In den sauren Apfel beißen ist eine beliebte Redensart in der deutschen Sprache. Sie bedeutet "etwas widerwillig tun", "etwas widerwillig akzeptieren". Zum ersten Mal nachzuweisen, ist sie in einem Brief des Reformators Martin Luther. Abgeleitet hat er sie vermutlich aus einer Textpassage der Bibel. Im zweiten Buch Moses wird dort berichtet, der ägyptische Pharao habe den Kindern Israel das Leben sauer gemacht, es ihnen also stark erschwert.

Sprecherin:

Manchmal müssen die Redakteurinnen und Redakteure des "Bonner Generalanzeigers" tatsächlich in den sauren Apfel beißen und aus Platzgründen auf das eine oder andere Thema verzichten. Aber nur, um es zu einem anderen Zeitpunkt umso gründlicher nachzuholen.
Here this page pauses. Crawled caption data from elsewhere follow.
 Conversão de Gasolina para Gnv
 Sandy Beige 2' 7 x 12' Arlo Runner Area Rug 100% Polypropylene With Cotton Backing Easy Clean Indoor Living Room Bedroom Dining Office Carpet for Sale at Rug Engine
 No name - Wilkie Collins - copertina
Denn als Zeitungsmacher gilt für sie alle, was ihr Chefredakteur Joachim Westhoff so treffend zusammenfasst. Oder, wie man im Deutschen gerne sagt, auf den Punkt bringt.

Joachim Westhoff:

"Es macht mir Freude, Menschen mit Informationen so zu versorgen, dass sie ein wenig länger wirken, ein wenig deutlicher sind, ein wenig weniger flüchtig sind. Und dazu ist eine Zeitung nun mal eben da. Ich glaube, Zeitungen werden mehr und mehr in eine Richtung gehen müssen, in der sie die Hintergründe beschreiben und tatsächlich diesem schönen Satz gerecht werden, 'das Fernsehen weckt den Appetit, die Zeitung stillt den Hunger'!"

Fragen zum Text

Der ursprünglichen Bedeutung nach bedeutet redigieren...?

1. prüfen

2. in Ordnung bringen

3. zurückkehren

Warum wurde ab 1800 der Kulturteil einer Zeitung auch als kleines Heft (Feuilleton) bezeichnet?
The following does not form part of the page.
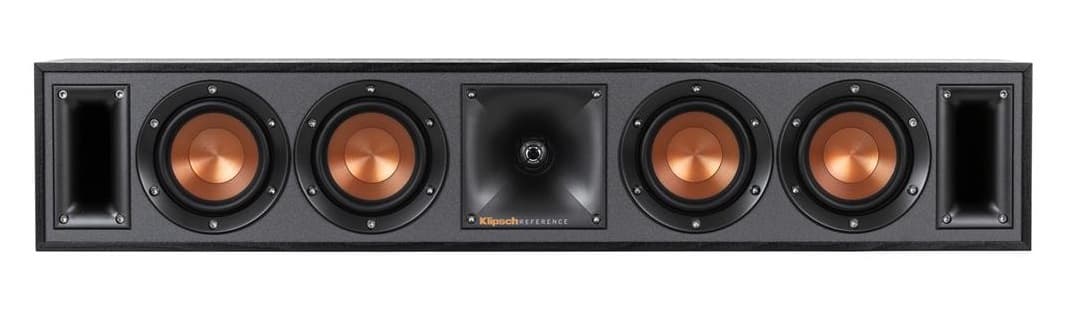 Klipsch R-34C Center Speaker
1. weil Kultur unter Napoleon an Bedeutung verloren hat

2. weil eine große Pariser Zeitung ihren Kulturteil als

Extra-Beilage herausgab

3. weil sich Zeitungen aufgrund von Papierknappheit einschränken mussten

Wer in den sauren Apfel beißt,…?

1. tut etwas widerwillig

2. wird lustig

3. verdirbt sich den Magen

Arbeitsauftrag:

Vergleichen Sie drei deutsche Tageszeitungen hinsichtlich Inhalt, Aufbau, Sprache und wahrscheinlicher Leserschaft.